The format of each DataFrame
with the required columns is specified in the GDS manual.
nodes = pd.DataFrame(
{
"nodeId": [0, 1, 2],
"labels": ["Article", "Article", "Article"],
"pages": [3, 7, 12],
}
)
relationships = pd.DataFrame(
{
"sourceNodeId": [0, 1],
"targetNodeId": [1, 2],
"relationshipType": ["CITES", "CITES"],
"times": [2, 1]
}
)
article_graph = gds.graph.construct(
"article-graph",
nodes,
relationships
)
Now we can check that the graph has been created:
gds.graph.list()
Streaming node and relationship properties
After creating the graph, you can read the node and relationship properties as streams.
# Read all the values for the node property `pages`
gds.graph.nodeProperties.stream(article_graph, "pages")

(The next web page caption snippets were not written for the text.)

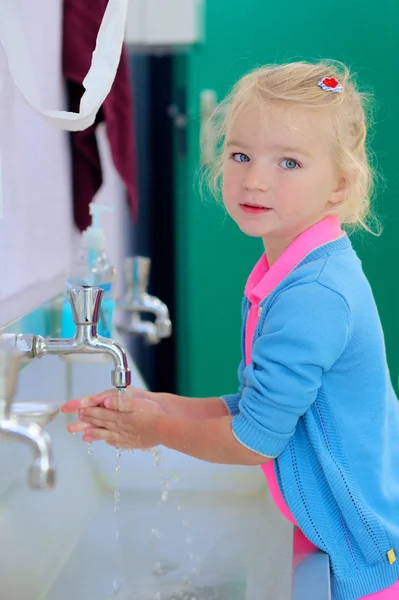 Κορίτσι πλύσιμο τα χέρια της — Φωτογραφία Αρχείου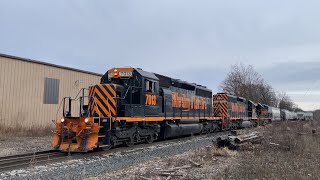 W&LE 261 with SD40-2 7013, SD40-2 7022 and GP40-3 301 at MP 167 in Akron, OH on 11/29/25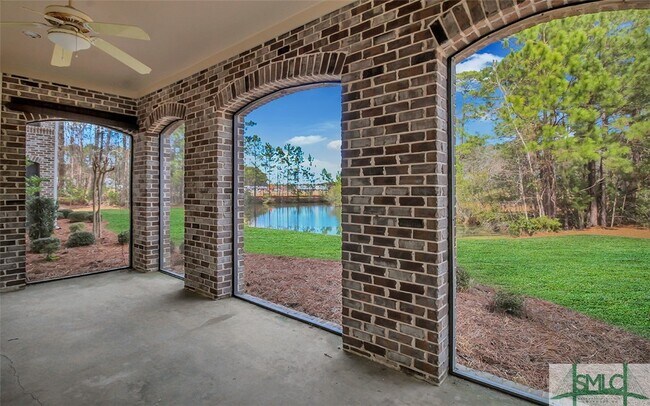Building Photo - 1802 Woodside Ridge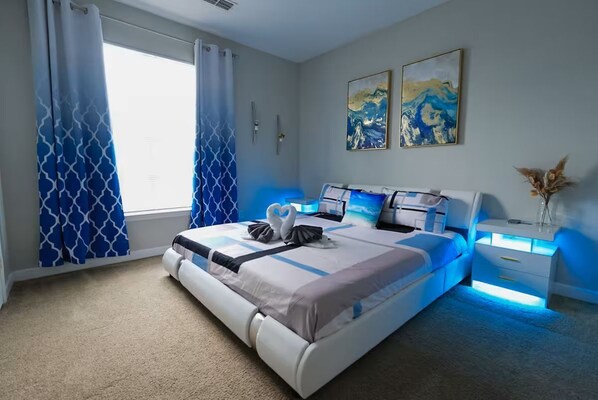 3 bedrooms, desk, iron/ironing board, travel crib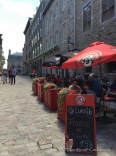 Vieux-Québec - Straßencafé mit Ankündigung des EM-Spieles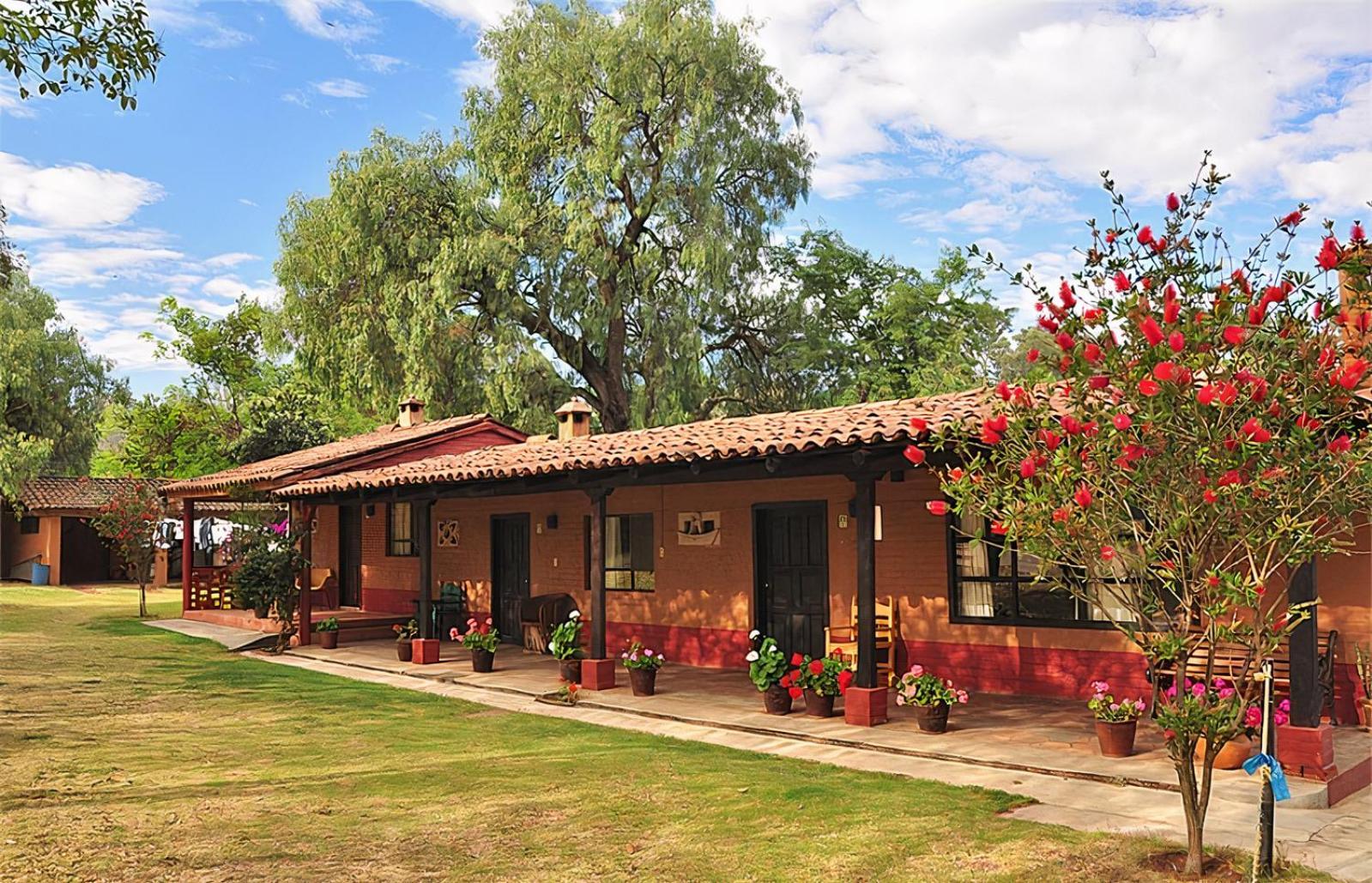 Villa Patzcuaro Garden Hotel Eksteriør billede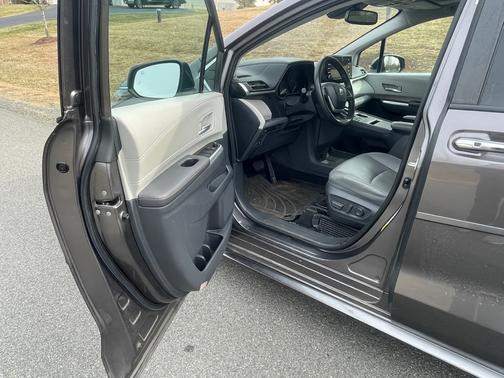 2021 Toyota Sienna XLE 8 Passenger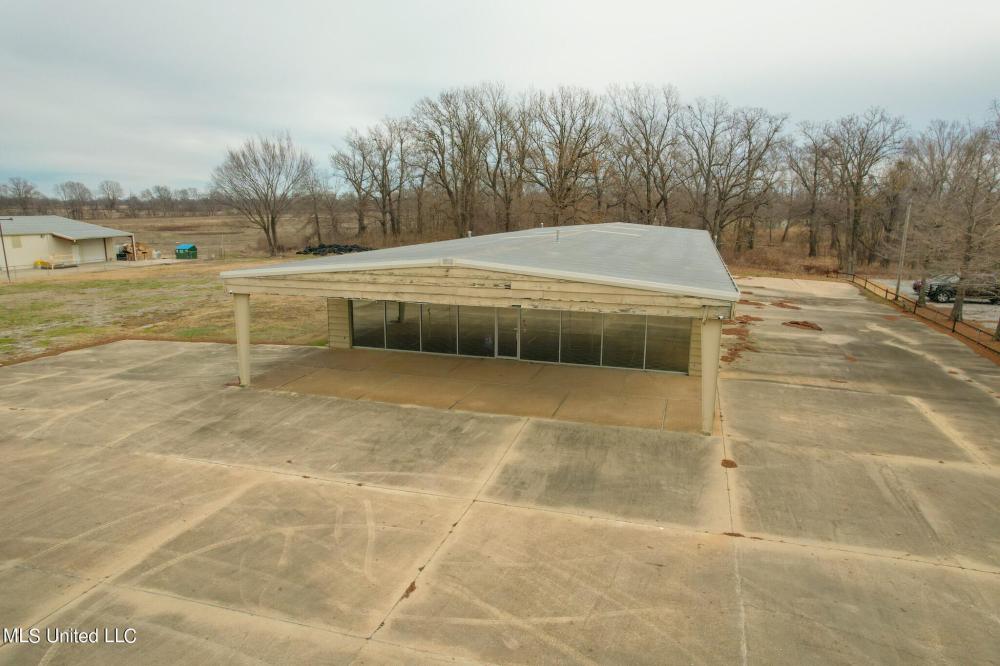 Currently Displayed Property Photo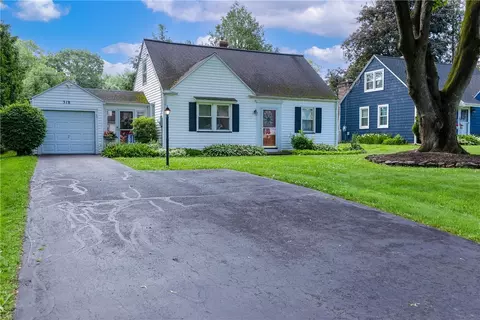 318 Eaglehead Rd, Perinton, NY 14445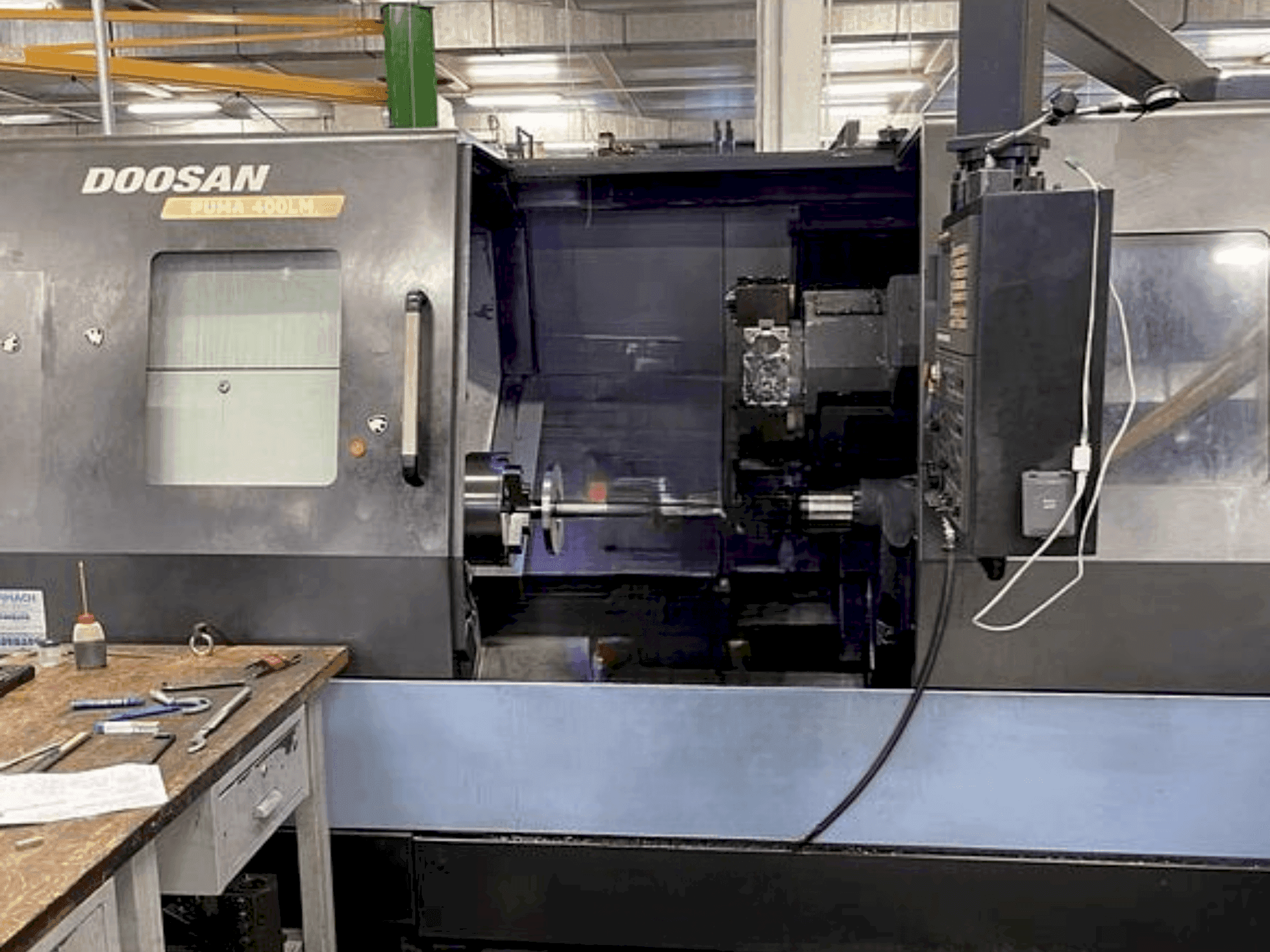 Masina DOOSAN Puma 400 LMA   eestvaade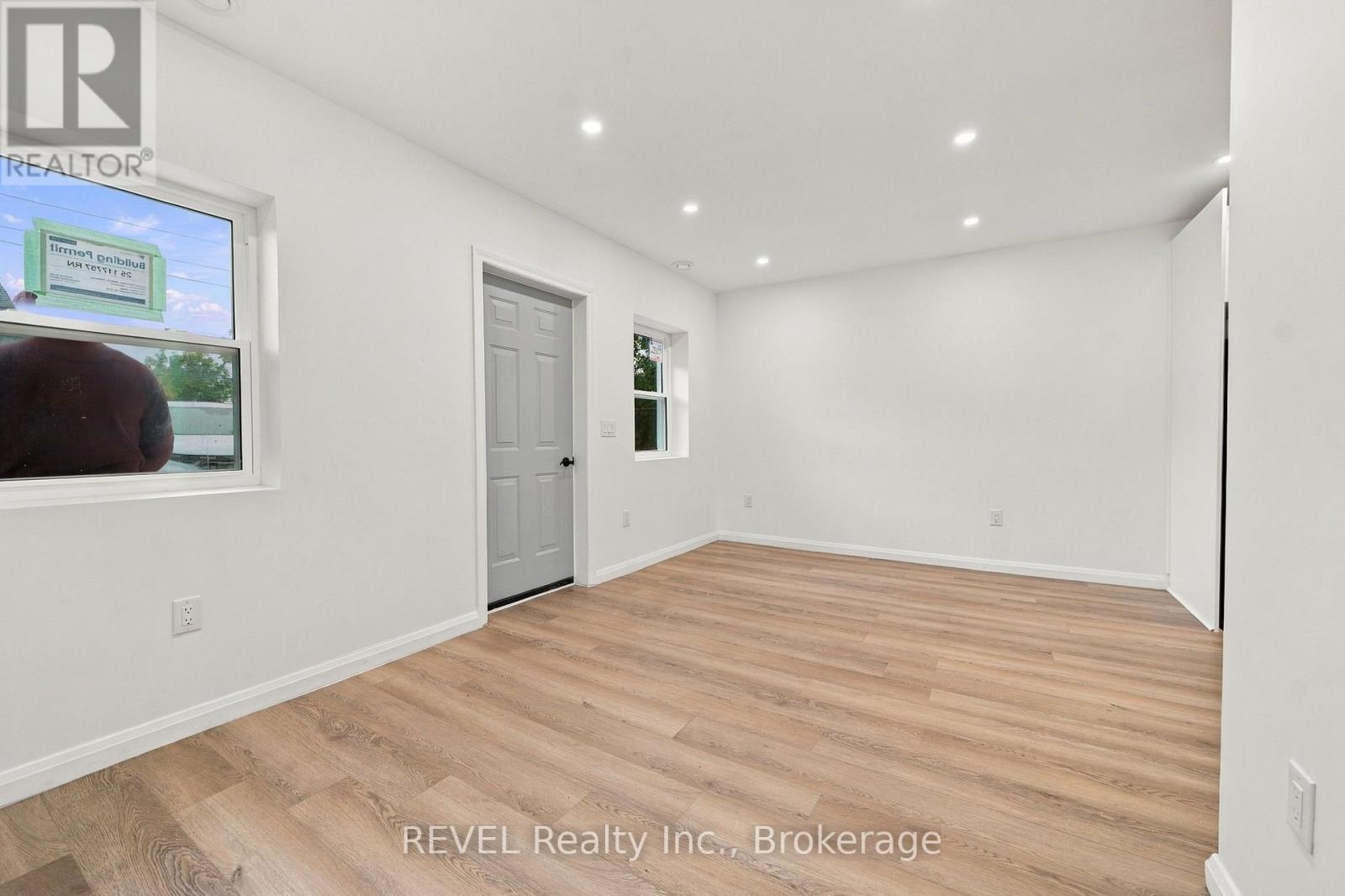 533a Carlton Street, St. Catharines, Ontario  L2M 4X6 - Photo 6 - X13858660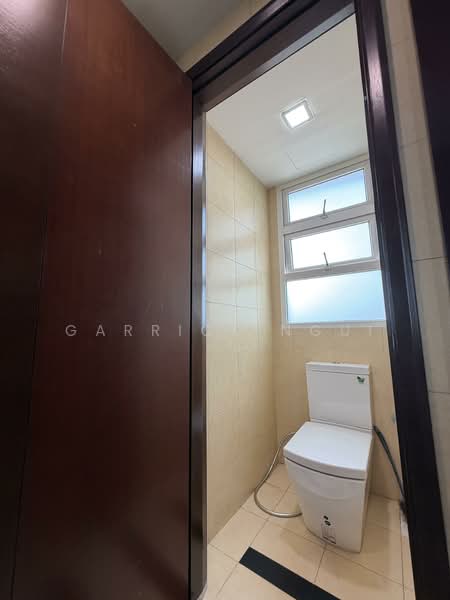 The Warren // Beautifully well kept unit, , 4 Bedrooms, 1,475 sqft, Condominium For Rent, by Garrick Ngui, 500078902 - Common bathroom - PropertyGuru.com.sg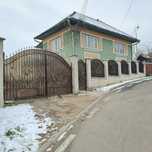Vand casa spațioasa in sărățeni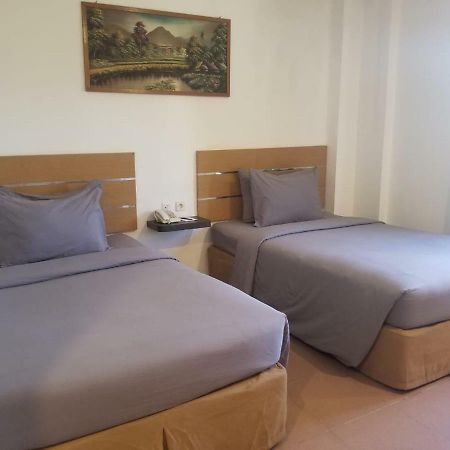 The Waigo Hotel Соронг Екстериор снимка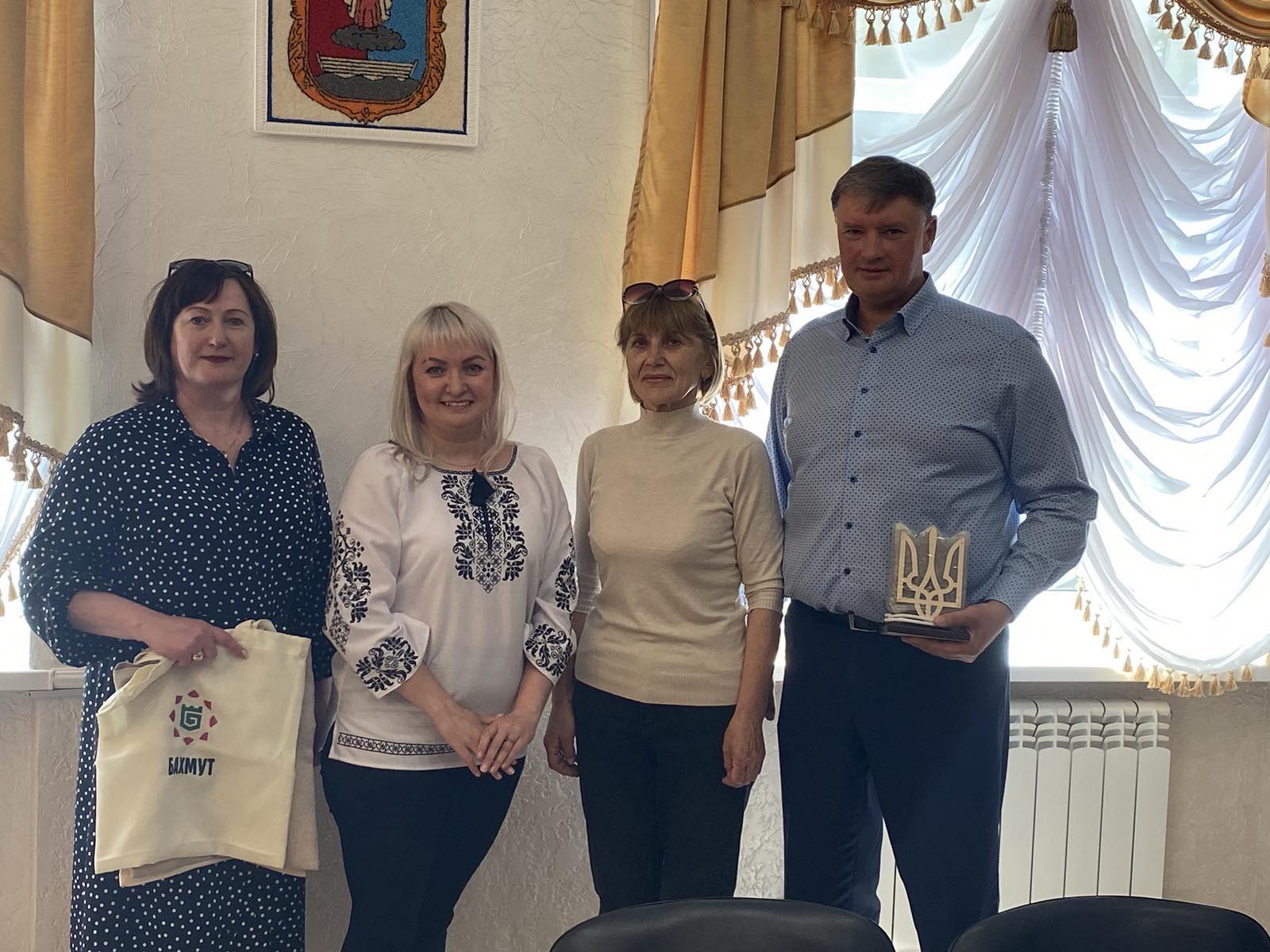 Бахмутяни разом із представниками Волочиської громади, яка прихистила архів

# Read all the values for the relationship property `times`
gds.graph.relationshipProperties.stream(article_graph, "times")
Performance
To see the difference in performance when Arrow is available, we can measure the time needed to load a dataset into a graph.
In this example we use a built-in OGBN dataset, so we need to install the ogb
extra.
%pip install 'graphdatascience[ogb]>=1.7'
# Load and immediately drop the dataset to download and cache the data
ogbn_arxiv = gds.graph.ogbn.load("ogbn-arxiv")
ogbn_arxiv.drop()
We can then time the loading process. On an 8 GB AuraDS instance, this should take less than 30 s.
%%timeit -n 1 -r 1
# This call uses the cached dataset, so only the actual loading is timed
ogbn_arxiv = gds.graph.ogbn.load("ogbn-arxiv")
With Arrow disabled by adding arrow=False
to the GraphDataScience
constructor, the same loading process would take more than 1 minute.
Therefore, with this dataset, Arrow provides at least a 2x speedup.